David Pierrepoint had a special word of thanks for the person who tipped off Gardaí about there whereabouts of the items.
“We’re extremely grateful that we have this back and now we can lay him to rest,” he told RTE radio’s Morning Ireland.
He told of how he received a phone call from the Bridewell Garda station on Tuesday afternoon to say they had received a tip-off and had recovered the head and the skull.
“I immediately went to the station and examined the skull and the head, unfortunately they were quote saturated and damp and wet, so they've gone to the museum now to begin the process of trying to dry them out, but my fear is that once they start drying out they'll just begin to crumble.
“We'll just have to wait and see, possibly we will have to recoffin them and reinter them in the vaults.”
Rev Deacon said he did not know where the remains were recovered as this was an ongoing investigation.
“Whoever the culprits are they may be able to use this as part of their arrest process.
The heads can be put back with the back with the body, the head of the Crusader was completely severed from the neck, spine, it's very unlikely it can be reattached as such, but it can certainly be laid back in its proper place, whether it can ever be on view to the public again is something that we wait for the experts findings. We're in their hands now.
He went on to explain that the vaults at St Michan's have a preservative quality.
“The vaults are always at 14 degrees temperature, that's winter and summer, they say it's from the tannin gas.
"The church was originally built on Oxmantown Bog and the tannin gas mixed with the limestone has this funny preserving qualities so while people have been buried there, no one knew until about 150 years ago that this preserving quality was there.
“We have records for some of the people buried there, obviously there are family crypts there, as regards the Crusader who just know he is approximately 800 years which ties in with the Crusades, he was buried with his legs crossed which was standard. We know the nun for example was about 400 years old.
“The sad part of it is that anybody would do such a thing. Anybody who would do this I don't believe they're in their right mind.
“There was a break-in at the crypt in 1996, that was just mindless vandalism by some youths. We have particularly good security, we have CCTV cameras, double doors both outside and inside the crypts and the people who did this came prepared to break open those doors.
“The doors on the outside, each of them weighs about 60 kilos and one of them was taken off its hinges.

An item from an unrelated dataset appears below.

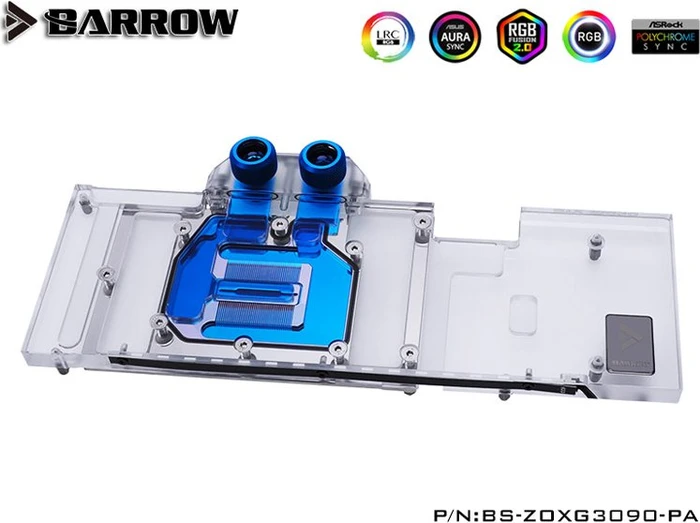 Barrow NVIDIA RTX 3090 LRC 2.0 Full Coverage GPU Water Block, Zotac 3090 X Gaming Aurora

That didn't just happen.”
He explained that the Parish can't afford 24-hour security on site.
“We've done everything we can security wise to keep it safe.
It is our intention to open the crypt to visitors because we have inherited this great treasure, not just for the parish, for the city and the nation and we maintain it, so it is our intention to have this available for all future generations in whatever form it can be.

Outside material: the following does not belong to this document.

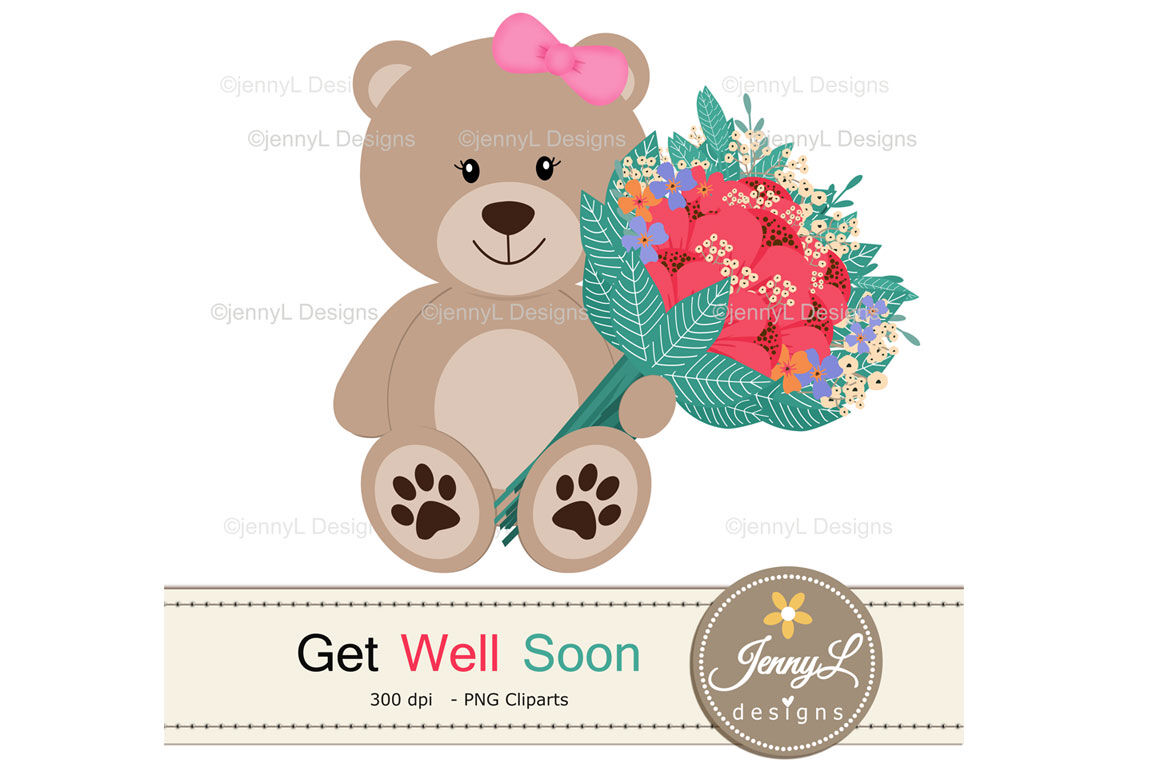 Get Well Soon Digital papers and Flower Bouquet Clipart By JennyL Designs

“Want to say thank you to so many people from across the globe who have expressed their concern and their support, thanks to the Gardai, and thank you to whoever tipped the Gardai off as to where we could find the head and the skull because we're extremely grateful now that we have this back we can lay him to rest.”
The archdeacon said that St Michan's is open for church services. “It's back open since Monday for tourists including the crypts.”